Take a Long Hard Look in The Mirror
It’s cliché but true: True change comes from within. In order to build a fair and ethical workplace, you must first admit that bias exists and commit to rectifying it. By facing a potentially difficult reality, you’re better prepared to face future challenges.
All companies have biases. Successful companies face them. Ask yourself honestly: Where is our bias? Why is it occurring? How can we ensure it won’t happen again?
Avoid ‘Black Box’ AI
Imagine you tasked your team with developing new compensation guidelines. After their pitch, you’d have some questions. What data did you use? What assumptions did you make? Which best practices did you follow? You would be justifiably suspicious if they couldn’t explain their conclusions. The same explainability should be expected of AI.

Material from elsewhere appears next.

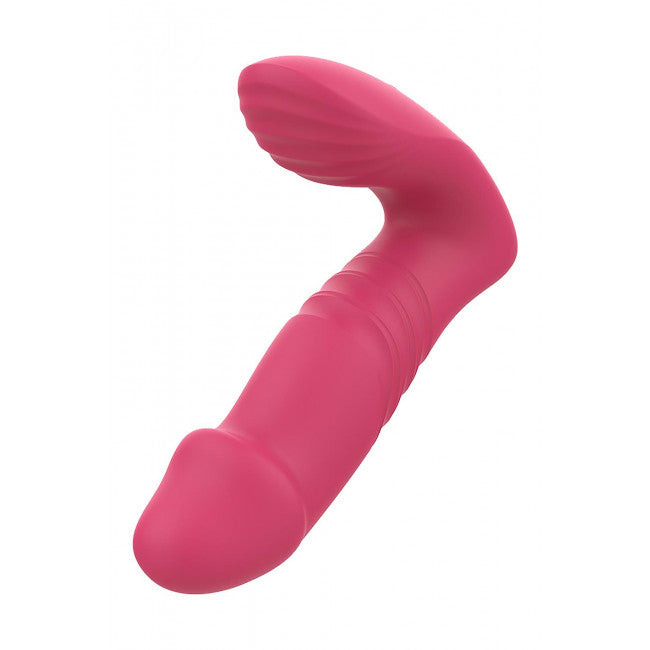 Dream Toys Essentials Up and Down Vibe Pink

In order to effectively and ethically engage with technology, executives must understand how AI works in general, how to design ethical AI and how any active algorithms are augmenting companywide decision making. This ability to fully understand AI decision making is — or should be — a core competency of today’s C-suite.
Review, Revise, Repeat
Finally, don’t be complacent with your AI. Institute systems to continually check for bias. Falling into the trap of thinking your AI (or any AI) has the only real answer is tempting, but dangerous.
AI that can fully understand context is still a long way off. Until then, there is always the risk of receiving answers that, while not technically wrong, may be inappropriate or fail to account for outside variables that only the human mind is capable of recognizing. Placing complete trust in AI as an indisputable source of truth could hold us back from eliminating biases and creating a fairer workplace and society.
A primary aim of AI is to save time, so checking every answer is clearly counterproductive. But iteration is necessary for improvement. Ethical reviews for bias should be performed with at least as much regularity as checks for performance, efficiency and accuracy. You won’t always be able to predict where and when bias might occur, and how we define fairness is in a constant state of flux.
AI could be humanity’s greatest tool in eliminating systemic bias, but we’ll need to be honest with ourselves and each other to confront our pre-existing biases. If we commit to introspection now, we can ensure these technologies become forces of good for business and for humanity.